San Sebastián. La actriz Naomi Watts , de 57 años, ha comentado este sábado al recoger el Premio Donostia que se siente "muy agradecida" de "formar parte de ese cambio de relación" que permite a las mujeres de su edad seguir protagonizando películas. "Las mujeres también necesitamos vernos reflejadas en las pantallas", ha subrayado.
Con un vestido negro drapeado de tirantes, adornado con dos flores blancas, la actriz, nacida en Inglaterra pero criada en Australia, ha recibido el galardón que concede el Festival Internacional de Cine de San Sebastián de manos de José Antonio Bayona, que la dirección en 'Lo imposible'.
"A los 31 años, y tras rodar 'Mulholland Drive', muchos dijeron que todo habría terminado para mí a los 40", ha recordado el intérprete, que ha dedicado su premio precisamente al director de esa película, David Lynch, quien le dio "un papel que ni siquiera pudo haber soñado" tras diez años de rechazos.
" David Lynch me cambió la vida. Me hizo entender de otra manera lo que significa actuar, confiar en el instinto, aceptar la incertidumbre, no tener miedo de lo extraño ni de lo inexplicable. Pero más que eso, creyó en algo que había en mí antes incluso de que yo misma lo creyera, y eso es un regalo que nunca se olvida", ha remarcado.
Desde entonces, tal y como ha recordado, pudo trabajar con grandes directores de cine como Michael Haneke (en 'Funny Games'), David Cronenberg (en 'Promesas del Este'), Alejandro González Iñárritu ('21 gramos'), Peter Jackson ('King Kong') o el propio Bayona, para quien ha tenido palabras de especial agradecimiento.
"Confié en ti desde el primer día" y "los recuerdos de aquella experiencia figuran entre los más bellos que conserva", le ha dicho al cineasta español, que, a su vez, ha asegurado que rodar con Watts "no sólo cambió" su forma de dirigir a los actores, sino que cambió su forma "de entender el cine".

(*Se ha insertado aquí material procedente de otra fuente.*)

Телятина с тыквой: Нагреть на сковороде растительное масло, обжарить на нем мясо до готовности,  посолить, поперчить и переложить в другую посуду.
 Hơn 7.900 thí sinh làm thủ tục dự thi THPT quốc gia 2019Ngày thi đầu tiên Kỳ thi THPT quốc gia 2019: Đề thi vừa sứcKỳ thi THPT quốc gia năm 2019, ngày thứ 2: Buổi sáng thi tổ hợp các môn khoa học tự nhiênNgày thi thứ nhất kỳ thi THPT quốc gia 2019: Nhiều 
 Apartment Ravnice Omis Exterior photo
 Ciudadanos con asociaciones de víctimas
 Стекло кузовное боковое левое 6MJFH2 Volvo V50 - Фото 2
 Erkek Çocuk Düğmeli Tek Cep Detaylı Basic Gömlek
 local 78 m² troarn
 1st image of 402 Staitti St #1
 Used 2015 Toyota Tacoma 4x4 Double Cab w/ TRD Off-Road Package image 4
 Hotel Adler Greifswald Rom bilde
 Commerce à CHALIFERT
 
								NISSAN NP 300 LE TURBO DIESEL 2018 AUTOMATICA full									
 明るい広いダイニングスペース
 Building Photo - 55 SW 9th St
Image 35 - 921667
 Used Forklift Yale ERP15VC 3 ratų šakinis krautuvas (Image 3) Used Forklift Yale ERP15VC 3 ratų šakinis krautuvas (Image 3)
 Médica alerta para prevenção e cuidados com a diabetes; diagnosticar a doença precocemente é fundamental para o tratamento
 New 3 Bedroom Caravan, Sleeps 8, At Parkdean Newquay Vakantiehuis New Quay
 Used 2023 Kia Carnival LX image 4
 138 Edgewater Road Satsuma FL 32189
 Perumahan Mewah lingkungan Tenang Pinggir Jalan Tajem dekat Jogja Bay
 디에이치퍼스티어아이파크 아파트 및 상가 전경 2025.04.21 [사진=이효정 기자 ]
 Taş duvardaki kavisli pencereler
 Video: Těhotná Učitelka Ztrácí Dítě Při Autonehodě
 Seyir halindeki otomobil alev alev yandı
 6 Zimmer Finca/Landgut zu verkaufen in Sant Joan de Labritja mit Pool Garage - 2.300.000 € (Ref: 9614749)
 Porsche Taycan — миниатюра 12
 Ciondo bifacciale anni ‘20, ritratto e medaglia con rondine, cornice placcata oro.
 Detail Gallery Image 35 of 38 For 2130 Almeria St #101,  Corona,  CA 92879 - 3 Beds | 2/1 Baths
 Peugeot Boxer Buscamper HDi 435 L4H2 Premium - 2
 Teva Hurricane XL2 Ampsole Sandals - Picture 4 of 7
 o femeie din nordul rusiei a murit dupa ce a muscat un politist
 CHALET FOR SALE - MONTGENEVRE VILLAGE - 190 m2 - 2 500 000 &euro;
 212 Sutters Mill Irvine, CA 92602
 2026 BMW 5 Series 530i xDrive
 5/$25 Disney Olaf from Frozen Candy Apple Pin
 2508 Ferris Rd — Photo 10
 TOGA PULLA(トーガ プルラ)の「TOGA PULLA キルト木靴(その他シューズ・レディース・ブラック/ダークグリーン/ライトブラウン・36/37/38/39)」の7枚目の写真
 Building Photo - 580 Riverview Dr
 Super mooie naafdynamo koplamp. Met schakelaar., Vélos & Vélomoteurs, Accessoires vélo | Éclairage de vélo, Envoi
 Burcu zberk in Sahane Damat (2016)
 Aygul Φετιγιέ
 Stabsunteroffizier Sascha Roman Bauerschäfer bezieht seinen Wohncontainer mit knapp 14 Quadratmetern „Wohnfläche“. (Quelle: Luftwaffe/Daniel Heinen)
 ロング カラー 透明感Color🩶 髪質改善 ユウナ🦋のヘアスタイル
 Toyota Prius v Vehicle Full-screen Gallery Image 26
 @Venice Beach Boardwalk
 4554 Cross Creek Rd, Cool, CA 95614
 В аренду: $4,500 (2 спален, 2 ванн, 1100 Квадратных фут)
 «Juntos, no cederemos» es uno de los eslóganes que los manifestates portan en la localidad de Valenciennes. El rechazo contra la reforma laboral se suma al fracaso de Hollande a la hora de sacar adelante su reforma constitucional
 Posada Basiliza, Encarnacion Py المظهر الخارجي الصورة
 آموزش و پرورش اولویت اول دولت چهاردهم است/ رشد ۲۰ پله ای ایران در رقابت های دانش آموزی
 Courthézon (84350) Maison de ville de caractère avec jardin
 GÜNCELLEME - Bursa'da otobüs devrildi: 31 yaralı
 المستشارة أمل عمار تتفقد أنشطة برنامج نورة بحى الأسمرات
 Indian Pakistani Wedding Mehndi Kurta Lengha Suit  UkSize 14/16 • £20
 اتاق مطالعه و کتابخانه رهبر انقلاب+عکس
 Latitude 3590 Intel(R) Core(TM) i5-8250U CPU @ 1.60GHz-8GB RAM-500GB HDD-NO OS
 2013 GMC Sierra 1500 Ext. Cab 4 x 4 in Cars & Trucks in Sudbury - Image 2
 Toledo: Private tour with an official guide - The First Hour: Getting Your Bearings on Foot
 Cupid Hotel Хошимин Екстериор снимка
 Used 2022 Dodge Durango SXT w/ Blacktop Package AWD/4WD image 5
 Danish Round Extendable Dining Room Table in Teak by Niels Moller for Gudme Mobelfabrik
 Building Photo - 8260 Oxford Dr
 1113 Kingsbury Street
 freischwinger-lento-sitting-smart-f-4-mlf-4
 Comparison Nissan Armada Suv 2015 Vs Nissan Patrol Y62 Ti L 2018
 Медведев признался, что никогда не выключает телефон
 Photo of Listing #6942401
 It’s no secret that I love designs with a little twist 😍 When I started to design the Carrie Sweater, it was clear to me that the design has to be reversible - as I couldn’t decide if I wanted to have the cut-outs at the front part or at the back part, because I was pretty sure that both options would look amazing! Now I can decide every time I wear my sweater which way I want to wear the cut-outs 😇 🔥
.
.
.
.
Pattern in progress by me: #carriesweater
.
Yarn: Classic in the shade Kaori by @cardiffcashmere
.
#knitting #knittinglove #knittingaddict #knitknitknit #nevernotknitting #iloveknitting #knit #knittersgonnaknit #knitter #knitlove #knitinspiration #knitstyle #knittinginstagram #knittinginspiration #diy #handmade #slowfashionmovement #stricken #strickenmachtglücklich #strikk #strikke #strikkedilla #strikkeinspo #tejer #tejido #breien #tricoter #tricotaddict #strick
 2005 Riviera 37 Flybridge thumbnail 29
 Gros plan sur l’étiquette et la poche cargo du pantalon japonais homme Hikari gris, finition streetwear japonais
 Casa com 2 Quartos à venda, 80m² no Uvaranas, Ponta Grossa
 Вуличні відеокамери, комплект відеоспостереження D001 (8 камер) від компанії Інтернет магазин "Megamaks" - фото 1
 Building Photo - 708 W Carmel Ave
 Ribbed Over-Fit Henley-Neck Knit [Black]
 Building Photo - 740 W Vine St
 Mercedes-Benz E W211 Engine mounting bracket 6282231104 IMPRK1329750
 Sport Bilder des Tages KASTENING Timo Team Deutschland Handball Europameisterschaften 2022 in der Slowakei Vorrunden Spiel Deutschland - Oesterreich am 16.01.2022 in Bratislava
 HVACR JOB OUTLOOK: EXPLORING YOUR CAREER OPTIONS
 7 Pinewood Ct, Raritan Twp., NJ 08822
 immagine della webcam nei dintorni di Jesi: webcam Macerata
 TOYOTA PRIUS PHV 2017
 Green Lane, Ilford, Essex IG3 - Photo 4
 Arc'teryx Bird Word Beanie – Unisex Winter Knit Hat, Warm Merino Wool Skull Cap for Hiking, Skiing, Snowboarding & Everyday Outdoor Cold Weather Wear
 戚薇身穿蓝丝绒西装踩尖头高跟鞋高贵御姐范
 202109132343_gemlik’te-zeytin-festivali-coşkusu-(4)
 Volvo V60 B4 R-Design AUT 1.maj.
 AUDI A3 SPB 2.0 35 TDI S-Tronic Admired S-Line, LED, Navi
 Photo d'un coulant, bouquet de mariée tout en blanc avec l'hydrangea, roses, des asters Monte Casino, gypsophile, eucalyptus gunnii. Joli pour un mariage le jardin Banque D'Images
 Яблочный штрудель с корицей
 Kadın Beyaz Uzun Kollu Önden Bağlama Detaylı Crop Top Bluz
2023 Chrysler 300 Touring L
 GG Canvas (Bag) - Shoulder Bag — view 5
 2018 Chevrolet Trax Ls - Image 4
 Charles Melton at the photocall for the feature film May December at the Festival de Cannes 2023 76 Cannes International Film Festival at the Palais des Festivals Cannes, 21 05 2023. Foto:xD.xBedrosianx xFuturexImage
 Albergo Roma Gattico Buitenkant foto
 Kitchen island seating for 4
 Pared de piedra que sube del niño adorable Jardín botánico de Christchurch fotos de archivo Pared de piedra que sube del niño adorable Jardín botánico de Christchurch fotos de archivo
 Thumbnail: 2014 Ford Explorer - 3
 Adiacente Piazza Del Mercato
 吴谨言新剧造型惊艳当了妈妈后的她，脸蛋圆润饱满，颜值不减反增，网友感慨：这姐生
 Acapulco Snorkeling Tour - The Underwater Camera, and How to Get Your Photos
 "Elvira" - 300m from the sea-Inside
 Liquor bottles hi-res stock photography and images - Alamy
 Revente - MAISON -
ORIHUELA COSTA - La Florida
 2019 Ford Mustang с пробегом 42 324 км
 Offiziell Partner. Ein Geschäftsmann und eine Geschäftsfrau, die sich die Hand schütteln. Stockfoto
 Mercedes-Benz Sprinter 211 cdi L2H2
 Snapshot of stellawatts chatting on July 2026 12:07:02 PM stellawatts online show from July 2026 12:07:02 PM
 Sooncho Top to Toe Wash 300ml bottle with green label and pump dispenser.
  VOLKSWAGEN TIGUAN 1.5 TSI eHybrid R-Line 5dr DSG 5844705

La actriz ha presentado además en el festival su último trabajo, 'La esposa perfecta', en el que, dirigida por Ben Shirinian, interpreta a una ama de casa implicada en una investigación periodística sobre un presunto nazi oficial que vive en la clandestinidad en Nueva York.
"Pasas la vida intentando meterte en la piel de otras personas y de alguna manera, por el camino acabas descubriendo más sobre ti. Y eso para mí es lo más maravilloso de ser actriz. Me encanta precisamente por ese motivo y sigo aprendiendo y sigo creciendo", ha remarcado Naomi Watts, que recibe el segundo Premio Donostia de esta edición del festival, tras el que se le concedió a Werner Herzog.